На мой взгляд поле было нормальным для работы. Да, всё утрамбовано трактором, да ветер и дождь, да вода в отпечатках глинистой почвы. Да, машины и проводники стояли прямо у начала следа, который начинался в 2 метра от асфальта, да первая прямая с ветром на морду. Но всё это не мешало ни мне, ни Кваю. Мы были готовы к любым условиям. У Квая сильный, мотивированный след.  А я уверена в собаке, что при любом раскладе Квай дойдет до конца. След был очень тщательно проложен, можно сказать просто вытоптан! Я удивилась даже, зачем так облегчать условия? Это не соревнования собак с хорошим поиском, это соревнование собак-роботов на легкой поверхности, а концепция оценивание противоречит следовым качествам собак.  Первые три собаки пролетели, не проработав даже первой прямой. Лютого сняли на четвертом угле, не дав собаке найти угол, потому что следующий след был проложен в 10-ти шагах.
Я бегом выгуляла собаку и практически сразу пошла на след. Квай был очень сконцентрирован и просто рвался на след. Начало очень хорошее, внимательно и интенсивно. Почуял вещь за пару метров и увеличил темп. Концетрация должна быть на этих метрах сильнее. Вещь обозначена без замечаний. Далее интенсивно и внимательно. Прошел первый угол на 50 см. Крутанулся 1 раз, нашел угол. (Почему прошёл – осталось загадкой, т.к. он мне явно показывал в угле, что след идет дальше, может Квай не поверил носу и отреагировал на отпечатки трактора ), нашел угол, интенсивно и внимательно идет дальше. 2-ой угол – это был сложный угол из бокового ветра на спину. Его Квай тоже чуть промахнул, тоже не поняла почему. Может я разволновалась на первом и это отразилось на собаке? Прямые внимательно и сконцентрированно. Вещь достаточно быстро и корректно. Третий и четвертый угол – без замечаний. На четвертой прямой Квай чуть приостановился и обнюхал более тщательно отпечаток – полетел сразу штраф!!! Это ненормально со стороны судейства!
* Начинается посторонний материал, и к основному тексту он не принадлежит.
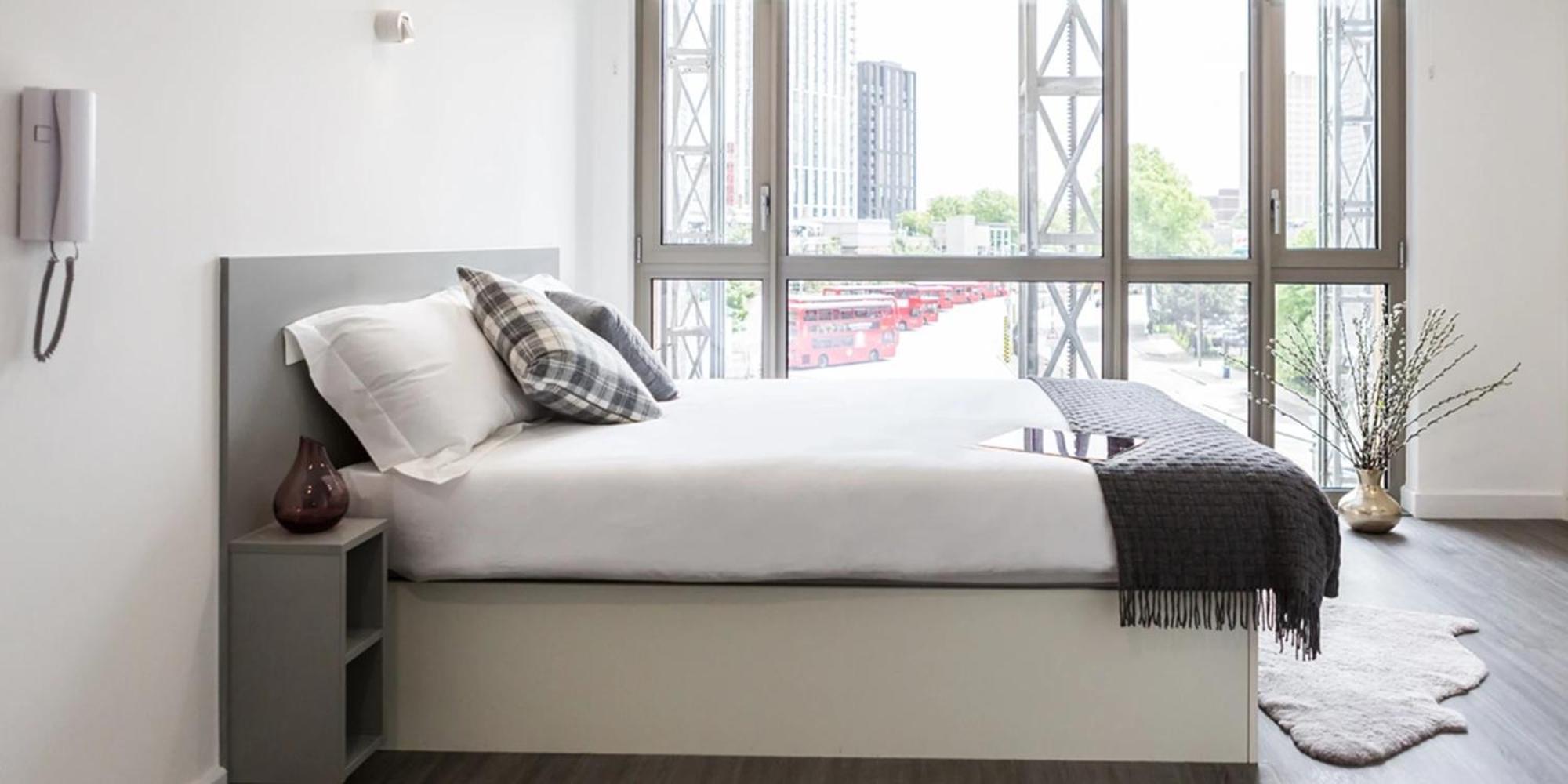 Appartement Chapter Lewisham Student Only, Cozy Budget With Shared Washroom Londres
Вещь без замечаний. 86б.
Потом я уже узнала, что из 10-ти собак на этом поле, след прошли только 4, пролетели сильные собаки из шведской, датской, норвежской сборных, а у Квая был второй результат.))) Лучший результат у финна 90б.
Конечно я была расстроена, потому что  в итоговой таблице будет отражен только результат в 86б. И больше ничего. А если бы все соревновались на этом поле?
(Продолжение следует).

----------


## Tatjana

Видео со следа тоже выложим.

----------


## Ольга Вартанян

*Таня*, очень интересно! Жду продолжения. :Ax: 
И, конечно же, фото от Николая! :Ab:

----------


## Nikolai

> *Таня*, очень интересно! Жду продолжения.
> И, конечно же, фото от Николая!


и конечно же они будут. только не сразу.. надо выбрать

----------


## Nikolai

начал выставлять фотографии с чемпионата мира в Крефельде. 
http://www.canis.ee/gallery2/main.php?g2_itemId=3818
постепенно буду добавлять ещё

----------


## Jevgeni

Коля, фотки классные. Хочется продолжения. Круче чем видео смотреть.

----------


## Nikolai

> Коля, фотки классные. Хочется продолжения. Круче чем видео смотреть.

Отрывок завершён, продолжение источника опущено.